Trump dan Menlu Iran: Selat Hormuz Kembali Dibuka
17 April 2026
Iran telah membuka kembali Selat Hormuz, jalur utama pengiriman minyak dunia. Namun, AS menegaskan blokade angkatan laut terhadap pelabuhan-pelabuhan Iran akan tetap berlaku.
Dalam sebuah langkah penting untuk meredakan ketegangan, Menteri Luar Negeri Iran Abbas Araghchi mengumumkan Selat Hormuz kini dibuka penuh untuk pelayaran komersial. Pernyataan itu diikuti oleh komentar dari Presiden AS Donald Trump. Ia menyambut baik perkembangan ini sebagai peristiwa besar bagi ekonomi global. Terobosan ini terjadi di tengah gencatan senjata rapuh yang dimediasi AS di Timur Tengah. Hal ini memberikan sedikit harapan untuk stabilitas di kawasan yang tegang. Namun, pernyataan dari Washington dan Teheran tidak sepenuhnya sejalan. Iran mengaitkan pembukaan selat dengan durasi gencatan senjata saat ini. Sementara itu, Presiden Trump bersikeras blokade angkatan laut AS terhadap pelabuhan-pelabuhan Iran akan tetap berlaku.
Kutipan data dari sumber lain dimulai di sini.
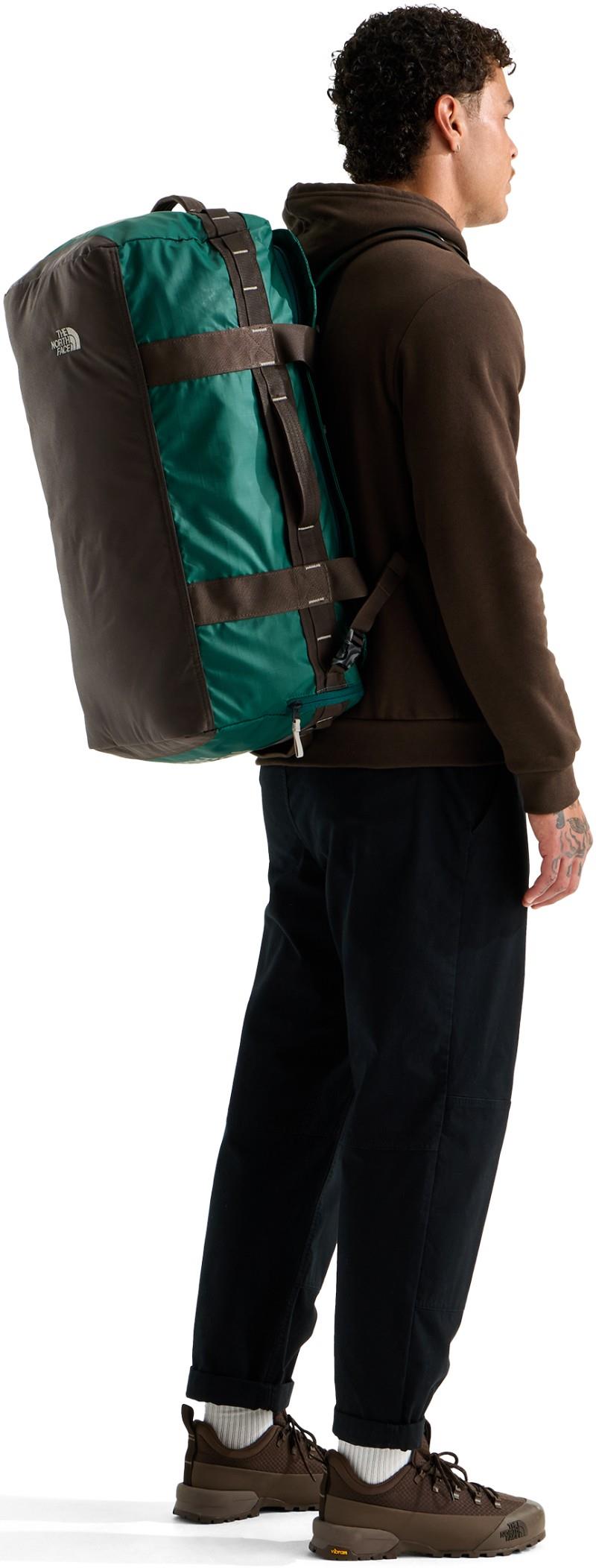 Base Camp Voyager Duffel - 62L - pacific teal / dark chestnut / stone slab 1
Pembukaan kembali ini mengakhiri masa kecemasan ekonomi dan geopolitik yang intens. Kecemasan itu dimulai ketika Iran menutup jalur air yang sangat penting tersebut. Selat Hormuz adalah jalur sempit yang krusial. Sebagian besar minyak dan gas alam cair dunia melewati selat ini. Jalur itu ditutup oleh Iran setelah pecahnya konflik yang lebih luas yang melibatkan AS dan Israel. Penutupan itu membuat harga minyak melonjak melewati $100 per barel. Hal ini memicu inflasi dan kekhawatiran akan krisis ekonomi yang dalam serta resesi di seluruh dunia. Menanggapi tindakan Iran, Amerika Serikat telah memulai blokade angkatan laut di pelabuhan-pelabuhan Iran hanya beberapa hari sebelum pengumuman terbaru ini.
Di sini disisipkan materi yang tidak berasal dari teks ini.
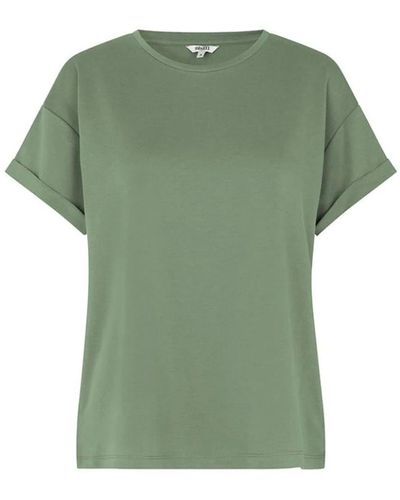 Mbym Grüne augen t-shirt weiche qualität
Menurut pernyataan Menteri Luar Negeri Araghchi, kapal-kapal komersial akan diizinkan melintas selama sisa gencatan senjata 10 hari. Namun, kapal-kapal itu hanya boleh melalui rute terkoordinasi yang ditentukan oleh otoritas maritim Iran. Presiden Trump, dalam serangkaian unggahan di media sosial, menyampaikan perkembangan ini dengan nada yang lebih bernuansa kemenangan. Ia menyatakan bahwa Iran telah setuju untuk tidak akan pernah menutup jalur air strategis itu lagi. Meskipun merayakan pembukaan kembali, ia memperjelas bahwa blokade AS terhadap Iran sendiri akan berlanjut. Blokade akan terus berlaku sampai kesepakatan komprehensif tercapai. Langkah ini dimaksudkan untuk mempertahankan tekanan pada Teheran selama negosiasi mendatang.
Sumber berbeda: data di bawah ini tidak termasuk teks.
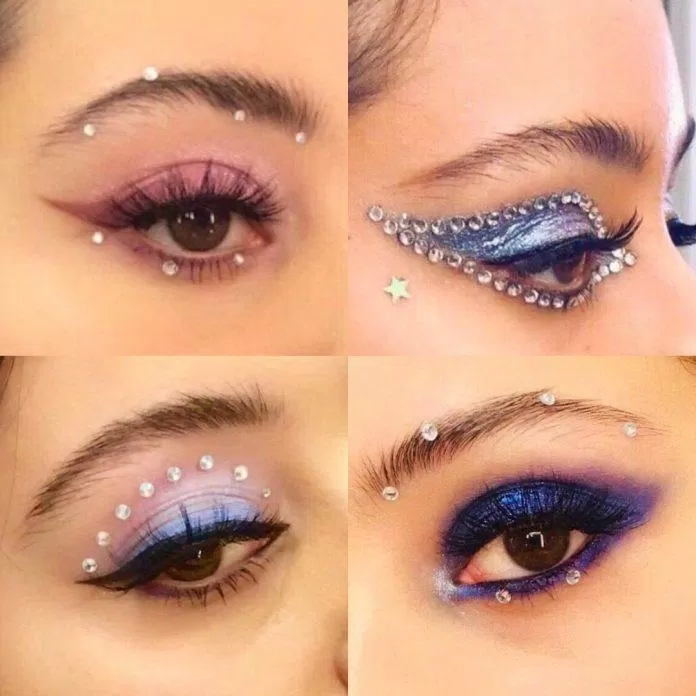 Euphoria season 2 makeup looks: 10 phong cách trang điểm dẫn đầu xu hướng bắt trend BlogAnChoi cách trang điểm dẫn đầu xu hướng Euphoria hoc make up khám phá kim cương phong cách xu hướng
Dampak langsung dari berita ini adalah anjloknya harga minyak global secara tajam. Hal ini memberikan kelegaan bagi pasar yang telah bersiap menghadapi gangguan yang berkepanjangan. Para pemimpin internasional, termasuk Presiden Prancis Emmanuel Macron dan Perdana Menteri Inggris Keir Starmer, menyambut perkembangan ini dengan hati-hati. Mereka menekankan perlunya jaminan navigasi bebas yang permanen dan tanpa syarat. Asosiasi industri perkapalan dan Organisasi Maritim Internasional menyatakan mereka sedang meninjau situasi. Tujuannya untuk memverifikasi persyaratan dan memastikan perjalanan yang aman dan terjamin bagi semua kapal dagang.
Ke depannya, situasi masih bisa berubah dan penuh ketidakpastian. Presiden Trump telah mengindikasikan bahwa pembicaraan langsung antara pejabat AS dan Iran dapat berlangsung secepatnya akhir pekan ini. Pembicaraan itu bertujuan untuk menyelesaikan kesepakatan yang lebih luas. Masih ada beberapa poin pertentangan utama. Termasuk masa depan program nuklir Iran, pencabutan sanksi, dan kompensasi atas kerusakan perang. Pembukaan kembali selat ini bersifat bersyarat dan sementara. Kelangsungannya bergantung pada kepatuhan terhadap gencatan senjata yang rapuh dan hasil diplomasi tingkat tinggi yang akan menentukan apakah jalur air vital ini akan tetap terbuka atau sekali lagi menjadi titik nyala konflik.